Jakarta (ANTARA) - Deputi Bidang Pengawasan Obat, Narkotika, Psikotropika, Prekursor dan Zat Adiktif BPOM Mayagustina Andarini mendorong pemerintah untuk mengendalikan pergerakan tembakau lewat simplifikasi cukai dan larangan penjualan rokok batangan (ecer).

“Kami setuju dengan rekomendasi pengendalian tembakau yang perlu ditingkatkan yaitu melalui simplifikasi tarif cukai dan pelarangan penjualan rokok batangan, jika bisa didukung oleh seluruh 'stakeholder' ini akan sangat bagus,” kata Maya dalam Webinar Diseminasi Hasil Survei Harga Transaksi Pasar Rokok 2021 yang diikuti secara daring di Jakarta, Rabu.

Maya menuturkan pengendalian terhadap tembakau dan rokok memang akan sedikit sulit untuk diterapkan sampai di warung-warung kecil di daerah ataupun kota dengan pergerakan penduduk yang pesat.

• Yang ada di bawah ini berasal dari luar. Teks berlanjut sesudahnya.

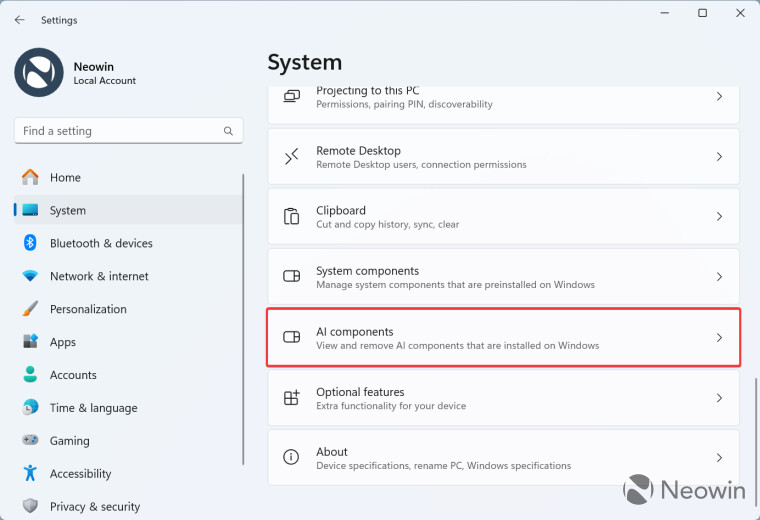 The AI components section in Windows 11s Settings app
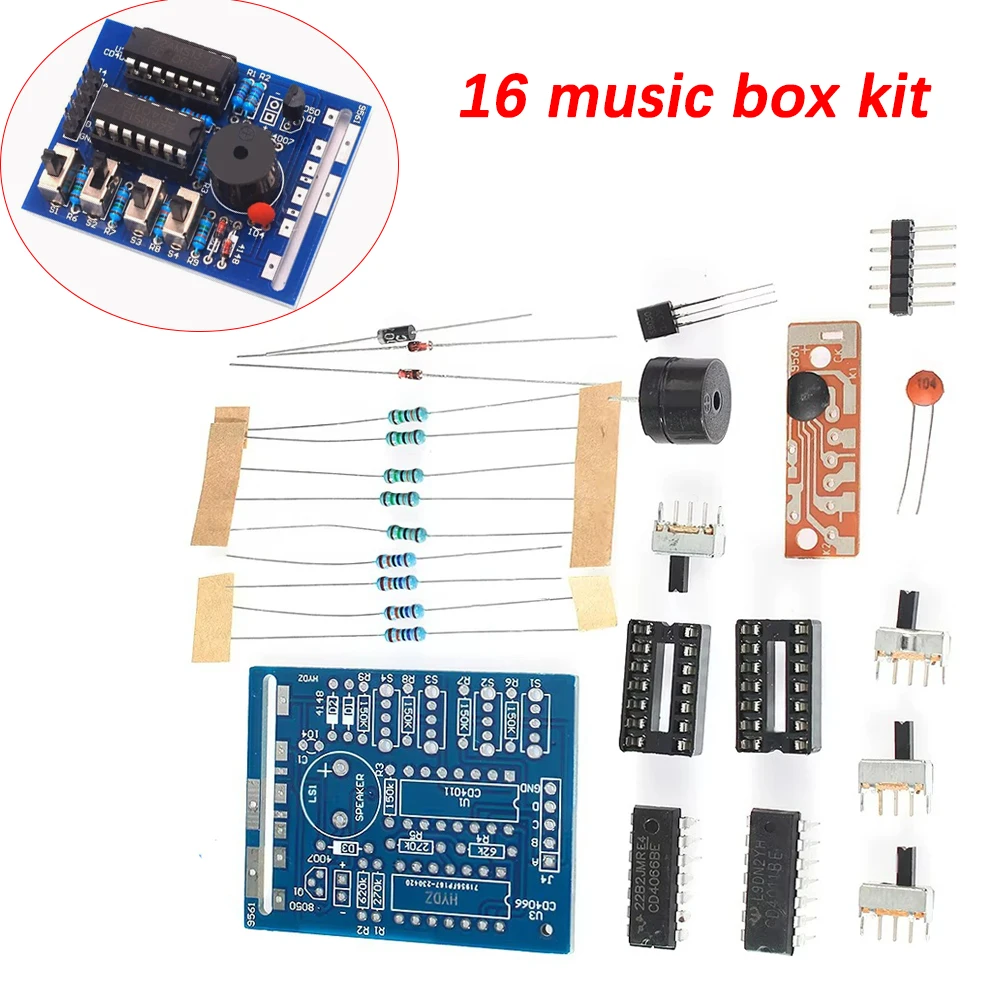 16 музыкальных шкатулок 16 звуковых коробок 16-тональный электронный модуль DIY комплект DIY детали компоненты наборы аксессуаров доска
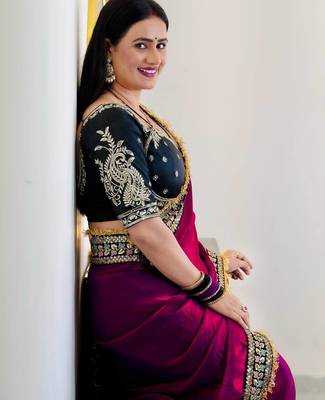 magenta satin silk saree with thread & sequins work 2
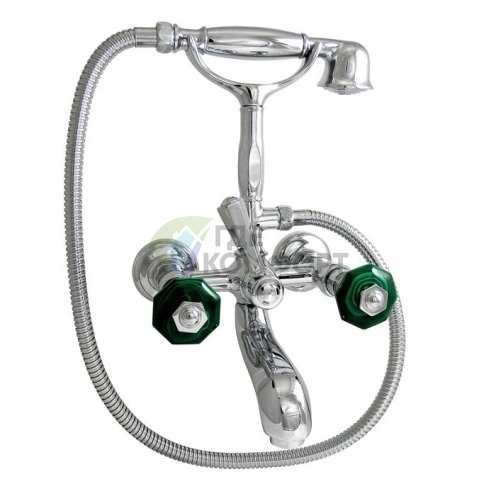 Стильный смеситель Nicolazzi Teide Chic для ванны с 2 ручками и переключателем душ/ванна в хроме (1901CR15C) - фото 1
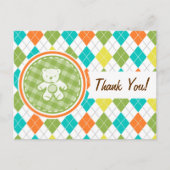 Teddy Bear auf farbenfrohe Raute Postkarte (Vorderseite)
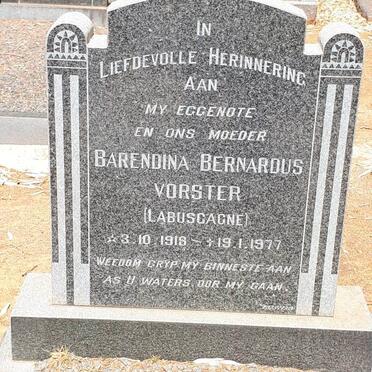 VORSTER Barendina Bernardus nee LABUSCAGNE 1918-1977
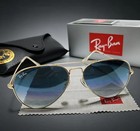 Ray-ban Rb3025 Gold Aviator Sunglasses Gradient Blue Lens 58mm Men Women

Baca juga: CHED: 90 persen peringatan kesehatan bungkus rokok ditutup pita cukai

Walaupun demikian, dia merasa apabila pemerintah menerapkan sanksi yang tegas, seluruh pihak dapat mematuhi peraturan yang ada guna melindungi masyarakat dari bahaya rokok.

Sebab, berdasarkan data Badan Pusat Statistik tahun 2021, rokok menjadi belanja prioritas dalam keluarga kedua setelah beras. Tingginya pengeluaran rokok pada rumah tangga terutama keluarga dengan kondisi miskin, akan berdampak pada ekonomi keluarga juga penurunan tingkat kesehatan

“Pengeluaran terhadap beras ini juga cukup memprihatinkan, tahun 2021 data menunjukkan bahwa belanja rokok perkapita itu Rp76.583 sedangkan belanja padi-padian itu Rp69.786 artinya rokok ini menjadi konsumsi terbesar,” kata dia.

Menurut Maya, penerapan kedua peraturan tersebut menjadi penting mengingat Peringatan Kesehatan Bergambar (PHW) pada bungkus rokok saat ini banyak tertutup oleh pita cukai. Pemerintah perlu memastikan pula apakah gambar tersebut masih efektif untuk menekankan rokok dapat berbahaya bagi kesehatan.

Baca juga: CHED: Rokok eceran berikan profit pada penjual hingga 30 persen

Apalagi jumlah pelajar yang mengkonsumsi rokok secara eceran semakin bertambah.

“Apakah efektif jadi kita mesti pertimbangkan itu, terutama nanti di Kementerian Kesehatan dengan PHW itu. Kalau di beberapa negara sudah jelas rokok itu mematikan, di Belanda juga sudah begitu rokok itu membunuhmu,” ujar Maya.

Maya mengatakan pengendalian tembakau memang bukan otoritas dari BPOM. Walaupun demikian, setiap pihak yang berusaha untuk menutupi gambar peringatan secara berlebihan akan pihaknya berikan peringatan dan dilaporkan kepada kementerian terkait seperti Kementerian Kesehatan dan Kementerian Perdagangan.

Sembari melakukan inspeksi kepada dagangan rokok, BPOM juga ikut melakukan pemantauan terhadap jenis rokok yang beredar di retail-retail seperti minimarket. Didapati sebesar 80 persen Sigaret Kretek Mesin (SKM) dan Sigaret Kretek Tangan (SKT) dijual di minimarket, sedangkan Sigaret Putih Mesin (SPM) sebesar 20 persen.

Baca juga: LPA Indonesia dukung pemerintah daerah kampanyekan KTR

“Berdasarkan hasil survei tahun 2020 meski ini survei lanjutan ya, bukan utama kami, di minimarket dan kios untuk kemasan 20 batang, hasil monitoring SKM dan SKT 80 persen dan SPM 20 persen. Rata-rata harga berdasarkan hasil pengawasan tahun 2020 menunjukkan antara Rp19.700 sampai dengan Rp24.000 per bungkus isi 20 batang,” kata dia.